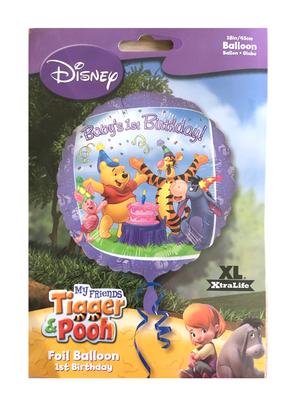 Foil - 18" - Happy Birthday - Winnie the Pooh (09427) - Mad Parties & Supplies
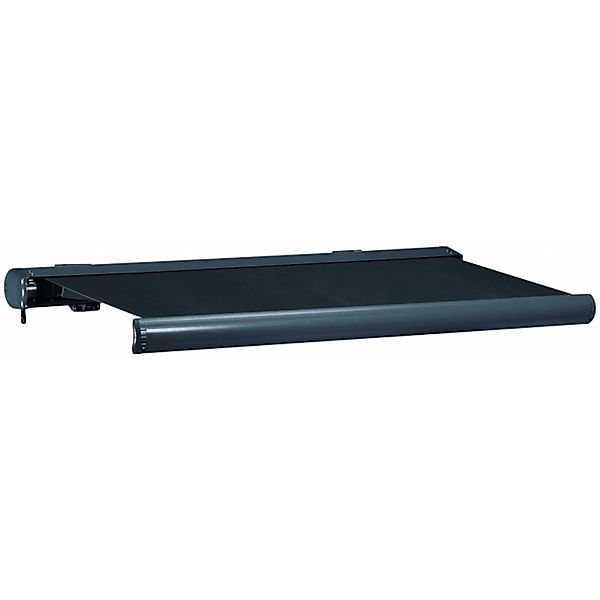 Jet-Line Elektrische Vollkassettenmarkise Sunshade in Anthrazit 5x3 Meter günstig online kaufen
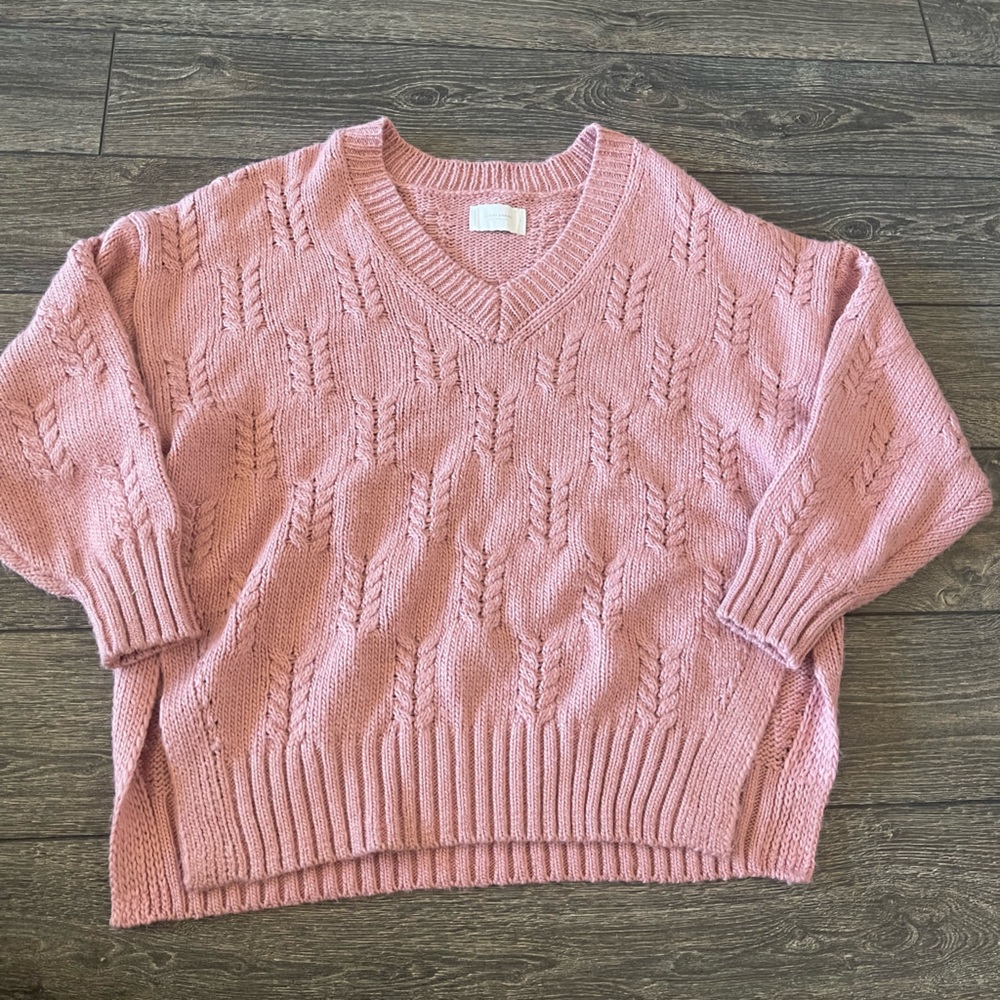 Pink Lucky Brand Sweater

========================

Keeping every word as it is, write out all the data and omit the pictures.

 Foil - 18" - Happy Birthday - Winnie the Pooh (09427) - Mad Parties & Supplies
 Jet-Line Elektrische Vollkassettenmarkise Sunshade in Anthrazit 5x3 Meter günstig online kaufen
 Pink Lucky Brand Sweater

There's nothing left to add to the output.